Calling Colin Manning's work "tough to describe" is a bit of an understatement. Instead of a film in the traditional sense, Manning's work is more like amorphous forms of color and sound. The Portland-based artist's films are essentially collages: disparate films, patterns and advertisements projected on top of each other.
That may sound unusual, but unusual is exactly what Manning wants. "I'm not trying to reach anyone specific," he tells WW. "Generally, I'm just trying to reach people who have open minds."
Manning's work is getting a retrospective at NW Film Center on September 14. The show includes music from Guillotine Boys and Doug Theriault before screening a collection of Manning's early work. The performance caps off with a new piece that combines "diary-based animation" with video collage.
Retrospectives like this don't happen often, because it's rare to encounter an artist with a body of work large enough to warrant one. Manning, however, has two decades worth of work. Mostly collage and projection-based multimedia pieces, his films are highly imaginative, and his prolific portfolio includes collaborations with the likes of Yoko Ono and Ariel Pink.
But Colin Manning isn't a name many will recognize in Portland. If you reach his voicemail, he mentions his holiday lighting business, which helps pay the bills. His YouTube channel viewership hovers around 500.
Manning's work might be niche, but Los Angeles and San Francisco turned out to be the perfect hub for it. After graduating from the San Francisco Art Institute, Manning took jobs running projections for dance clubs. He eventually relocated to LA, and has since worked with musicians like Consumer, creating projections for concerts and using their music in film installations. "I didn't mean to work directly with musicians," he says. But collaborations with musicians lead to the creation of much of Manning's work, and the psychedelic quality of his art makes the combination with dance music seem inevitable.

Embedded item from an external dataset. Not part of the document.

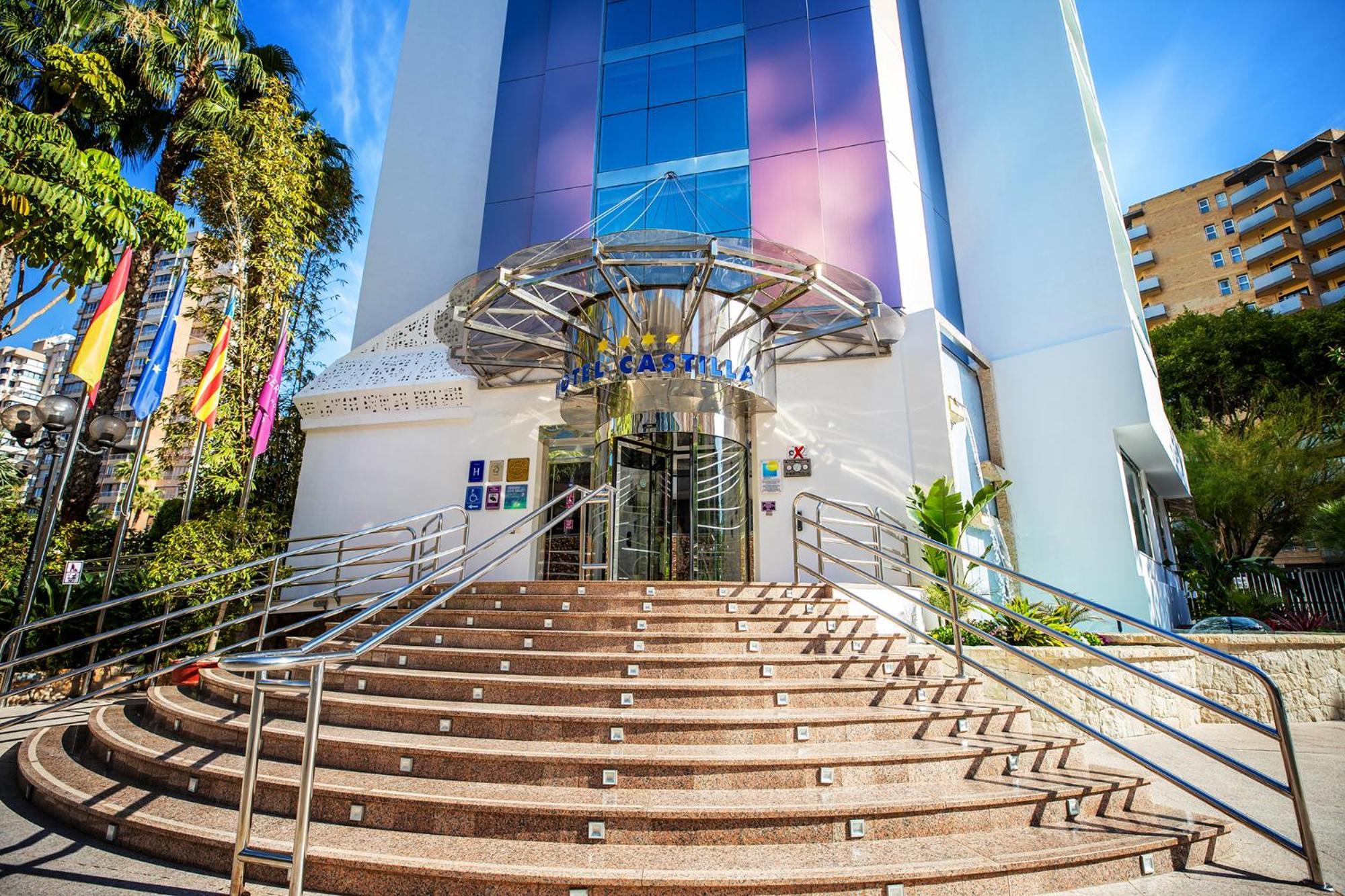 Hotel Servigroup Castilla Бенидорм Екстериор снимка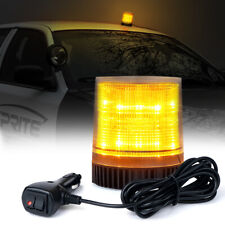 Amber LED Strobe Beacon Light Rooftop Rotating Emergency Warning Forklift Truck picture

While San Francisco helped him birth his unique vision and LA provide a market for his work, he calls Portland "as artsy a city as you can find anywhere." Since moving here five years ago, he's integrated himself into the art scene and worked with Portland-based artists like harpist Sage Fisher.
"Categorized by money, and how much money you can make [with art], LA is far more important," he says. "But I knew I could feel a little more free and happy [in Portland], and have the time to work on my art…I have a lot more space for making art and making a mess. I just felt more freedom."
Yoko Ono remains Manning's most famous collaborator, though Manning is modest about the whole experience. "That was a long time ago," he says with a laugh. Manning's contribution amounted to projecting simple phrases onto a white wall for one of Ono's exhibits during a retrospective. "It wasn't like we hung out and talked a lot," he says. "I was just told, 'She wants this,' And then we met at the party afterward and she said thank you."
In Manning's videos, images and film scenes— which seem to originate from practically anywhere—are overlaid on top of each other. The result is a beautifully complex sensory experience. In one piece titled Hugging Kate Jackson in Killer Bees Sunken in Red Memories, sepia-toned footage is flipped upside down on either side of serene scenes of construction and a couple walking through the woods.
"I'm always collecting film," Manning says. "I'm looking for subject matter that's intriguing…but I'm also looking at the actual aesthetic quality of it. I'm trying to create an actual dynamic form on the wall that's not just a collection of squares, but has some sort of interlocking intrigue."
When asked whether his art is trying to "say" anything, Manning answers with equivalent of a shrug. "There's a very mental way of viewing art, which is like 'Oh, this is communicating this idea,' and there may be very specific things," he says. "My art is very open-ended, and has to do with psychology in general. The only requirement to understand it is to have an open mind and let the art do what it will."
SEE IT: Memory Wave Sediments: Films and Projection Performance by Colin Manning is at NW Film Center, Whitsell Auditorium, 1219 SW Park Ave., nwfilm.org. 7 pm Thursday, Sept. 14. $9.